This is definitely not the most destructive holiday in Queens. You can't imagine the barrage of eggs that pelts the bus from every street corner on Halloween. I think it is all of the snowballs that hit the bus after the first snow that finally cleans off the residual goo.

My position is hardly holier than thou. As a boy growing up in Mississippi it seemed a state mandated right to not only own but use the largest cache of pyrotechnic materials your family could reasonably afford. I wouldn't be surprised if there had been a state supported grant system to maintain a "respectable" level of blast and flash for all citizens. And let me tell you it sure was fun blowing stuff up.

With names like Black Cat, Jumping Jack, Cosmic Explorer, Snapdragon, Ring-of-Fire, Wild West, Screamer and the ever popular Big Bang it's no wonder pubescent boys wouldn't line up for them. A month before the Fourth of July and New Years Eve the ramshackle shacks would hook up the Christmas lights and fling open their doors. As the nights before the holiday dwindled, the number of cars in the dirt parking lot would grow.

Once at the counter, there was a clear hierarchy of enticement. Closest to the buyer were all the kindergarten poppers, sparklers and other incendiary devices that could only be cool if set off in a mass larger than 100. Under the counter was where they kept the really big quantities (a gross or more) of bottle rockets and fire crackers plus the hefty M-100's. But the back wall, oh the back wall, housed the "professional" caliber shells that were according to the salesman "probably illegal in every state."

Our budget only allowed for at most three of the "professional" fireworks in addition to a veritable arsenal of the smaller crackers.

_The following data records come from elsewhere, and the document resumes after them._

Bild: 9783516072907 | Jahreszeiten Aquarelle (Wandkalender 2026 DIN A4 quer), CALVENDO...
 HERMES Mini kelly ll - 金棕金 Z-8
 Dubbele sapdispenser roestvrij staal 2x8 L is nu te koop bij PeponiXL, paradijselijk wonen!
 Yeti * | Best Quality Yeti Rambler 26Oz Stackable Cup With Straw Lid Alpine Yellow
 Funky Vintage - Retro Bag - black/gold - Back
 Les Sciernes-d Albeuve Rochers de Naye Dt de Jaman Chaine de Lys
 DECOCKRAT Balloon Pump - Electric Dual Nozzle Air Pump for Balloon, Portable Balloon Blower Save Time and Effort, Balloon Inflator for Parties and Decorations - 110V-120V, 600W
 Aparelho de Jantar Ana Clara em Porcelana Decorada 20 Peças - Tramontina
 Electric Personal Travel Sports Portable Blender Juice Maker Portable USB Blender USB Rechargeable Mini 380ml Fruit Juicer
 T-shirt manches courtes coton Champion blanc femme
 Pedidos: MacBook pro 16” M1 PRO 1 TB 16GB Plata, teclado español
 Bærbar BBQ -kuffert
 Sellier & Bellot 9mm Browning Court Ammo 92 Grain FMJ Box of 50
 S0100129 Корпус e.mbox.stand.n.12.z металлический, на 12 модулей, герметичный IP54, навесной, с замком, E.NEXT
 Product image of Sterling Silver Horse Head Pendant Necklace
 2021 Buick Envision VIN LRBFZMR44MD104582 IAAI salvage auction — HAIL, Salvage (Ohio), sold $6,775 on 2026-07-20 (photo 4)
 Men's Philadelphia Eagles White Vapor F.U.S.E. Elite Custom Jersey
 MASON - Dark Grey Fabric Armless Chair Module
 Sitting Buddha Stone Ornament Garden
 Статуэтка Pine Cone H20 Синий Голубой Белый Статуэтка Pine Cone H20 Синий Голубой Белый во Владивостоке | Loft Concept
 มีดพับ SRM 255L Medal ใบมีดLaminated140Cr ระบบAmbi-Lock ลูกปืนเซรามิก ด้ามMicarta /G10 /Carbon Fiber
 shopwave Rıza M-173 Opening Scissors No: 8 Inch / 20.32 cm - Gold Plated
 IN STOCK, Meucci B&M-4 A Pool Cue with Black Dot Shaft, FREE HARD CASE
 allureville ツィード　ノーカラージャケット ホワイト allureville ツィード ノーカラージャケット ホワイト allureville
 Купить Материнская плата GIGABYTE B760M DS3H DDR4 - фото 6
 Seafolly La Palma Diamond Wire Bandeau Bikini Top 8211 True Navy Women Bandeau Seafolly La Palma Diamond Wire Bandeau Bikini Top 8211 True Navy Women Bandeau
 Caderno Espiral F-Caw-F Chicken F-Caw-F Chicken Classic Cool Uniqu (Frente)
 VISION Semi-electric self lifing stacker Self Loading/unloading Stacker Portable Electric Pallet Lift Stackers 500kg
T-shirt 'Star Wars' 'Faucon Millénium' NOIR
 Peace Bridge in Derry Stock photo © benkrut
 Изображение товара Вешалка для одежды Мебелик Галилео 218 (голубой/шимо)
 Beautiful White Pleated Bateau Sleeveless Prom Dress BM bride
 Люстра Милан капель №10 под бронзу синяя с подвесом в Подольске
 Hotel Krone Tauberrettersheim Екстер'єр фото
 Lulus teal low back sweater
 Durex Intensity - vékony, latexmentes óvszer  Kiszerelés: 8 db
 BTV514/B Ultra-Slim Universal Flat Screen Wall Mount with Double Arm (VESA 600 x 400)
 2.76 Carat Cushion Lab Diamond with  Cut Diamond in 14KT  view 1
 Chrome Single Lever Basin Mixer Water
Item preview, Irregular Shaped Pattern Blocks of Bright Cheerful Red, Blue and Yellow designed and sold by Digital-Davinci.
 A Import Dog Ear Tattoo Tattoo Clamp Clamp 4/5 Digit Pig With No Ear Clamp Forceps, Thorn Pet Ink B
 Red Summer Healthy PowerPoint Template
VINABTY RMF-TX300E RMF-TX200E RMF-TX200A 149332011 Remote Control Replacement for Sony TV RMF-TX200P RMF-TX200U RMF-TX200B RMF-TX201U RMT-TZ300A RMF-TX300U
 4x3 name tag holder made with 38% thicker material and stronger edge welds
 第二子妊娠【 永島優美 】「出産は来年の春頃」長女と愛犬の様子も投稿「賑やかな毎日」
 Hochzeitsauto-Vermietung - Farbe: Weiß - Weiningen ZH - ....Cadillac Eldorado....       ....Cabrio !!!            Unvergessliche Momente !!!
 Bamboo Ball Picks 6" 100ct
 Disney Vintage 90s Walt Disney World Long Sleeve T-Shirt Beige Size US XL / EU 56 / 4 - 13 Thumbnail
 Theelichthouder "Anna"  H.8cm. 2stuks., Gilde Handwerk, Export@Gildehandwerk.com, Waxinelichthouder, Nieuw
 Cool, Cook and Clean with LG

Minutes of careful thought and strategy went into the decision of which to buy. And the risk couldn't be higher since each year the big shells always failed to produce a bang or light show even remotely as glorious as a professional shell. But maybe, just maybe this year it would be different.

After blowing up $50 or so of the lesser fireworks, a reverent quiet would drop over the neighborhood as my father moved forward with one of our 18 inch tall mortars. A safety perimeter was ensured and carefully with a punk the fuse was lit and boy did my Dad get away. In what seemed like a hour (actually 20 seconds) sparks would star fountaining out of the top of the cylinder. And in a mildly ear-aching boom a projectile would be blown into the air. Finally, a daisy shaped fireball 50 feet across would poof in the sky. And that was it!

That's what amazes me about Operation Deserted Street Storm that's waged throughout New York City. Not only is it illegal and very difficult to obtain regular fireworks, but the quality of what they set off is astounding. Several times I've thought that in addition to the normal Macy's spectacular, the Astoria Italian Businessman's Association was hosting their own big blammo. But then the sound of a siren would suddenly cut the show short.

But alas, the supplies are dwindling and the streets will return to quiet. And I guess that gives the enterprising youth a full year to refill the supply depot before next year's celebration.